Q: My wife & I own 10 acres in the mountains just north of Asheville, NC--and want to build (with reasonable cost) a green, self-sustainable house. We love the idea of a timber frame with cob, cordwood or SIP's as infill, but are not sure if this is best in our "temperate zone rainforest" weather. Can you give us any advice for this climate and humidity.

A: All  of the building methods that you mention have been used successfully in the Asheville area. Cob is not as insulating as the other two, but that may not be so much of an issue there. If you have enough appropriate wood for a cordwood structure, that might be the most comfortable and ecological choice.

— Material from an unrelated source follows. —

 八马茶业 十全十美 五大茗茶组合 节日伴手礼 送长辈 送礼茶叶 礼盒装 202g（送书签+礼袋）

Q: Select Contracts is a Design, Build and Operate company based in Dubai specializing in international leisure and entertainment projects. One particular sector is the Hotel industry and I am currently trying to convince my CEO that alternative building techniques are financially viable and fantastic for the environment! All buildings in Dubai are air conditioned; is there a sustainable alternative?

A: I can give you some general guidelines for efficiency with air conditioning: 1) Evaporative coolers in arid regions use way less energy than conventional air conditioning units. 2) Carefully design solar inputs (glazing) to avoid the buildup of unwanted heat. 3) Utilize thermal mass materials inside the structure to help maintain constant temperatures. 4) Where feasible, dig into the ground or berm structures to help isolate them from the ambient heat. 5) Take advantage of wind scoops that are commonly used in the Middle East to help cool homes. 6) Position pools of water so that the wind carries cooled air into the structure. 7) Make sure that the shell of the structure is very well insulated.

Q: I am a graduate student at UC Denver studying architecture. We have a project in studio, which may actually have funding, that is an orphanage in northern Mexico. We have been asked to incorporate sustainable design into the project, but have little information about what aspects of sustainable design would work in this geography.

A: The climate of the desert region of Northern Mexico is similar to that of New Mexico, with hot summer days that cool off at night, cold winters, but with lots of sunshine...and quite arid. The available native building materials are mainly adobe soil, with limited stones and wood. Current building practices there favor fired brick or concrete blocks, with steel vigas to support flat roofs covered in concrete.

The old-fashioned thick-walled adobe homes built in Mexico and the Southwestern US actually were fairly comfortable because they were thick enough that the heat of the day would not penetrate inside until night time, when it would be more welcome. Unfortunately, the Mexican people often dislike adobe because it is considered too old-fashioned.

A modern passive solar home, with insulated walls that have plenty of thermal mass on the inside, and south-facing glass that is shaded to collect only the winter sun should function quite nicely in that climate. There have been some attempts at building strawbale homes in that region, but while they perform well, they have not caught on much with the locals. It is always a sensitive thing designing or building outside your culture.

Q: How much benefit does passive solar design, insulation, thermal mass provide in Mexico, where the climate is milder than the U.S.?

A: Most homes in Mexico these days are just relatively thin-walled brick or concrete block construction, which provides thermal mass but no insulation. These buildings can be fairly comfortable in the right climate, such as around Lake Chapala where the annual temperature range is moderate. In many other areas of Mexico, such construction leads to both over-heated and too-cold homes much of the time. The older thick-walled adobe buildings are actually more comfortable, staying cooler in the summer and warmer in the winter than modern construction.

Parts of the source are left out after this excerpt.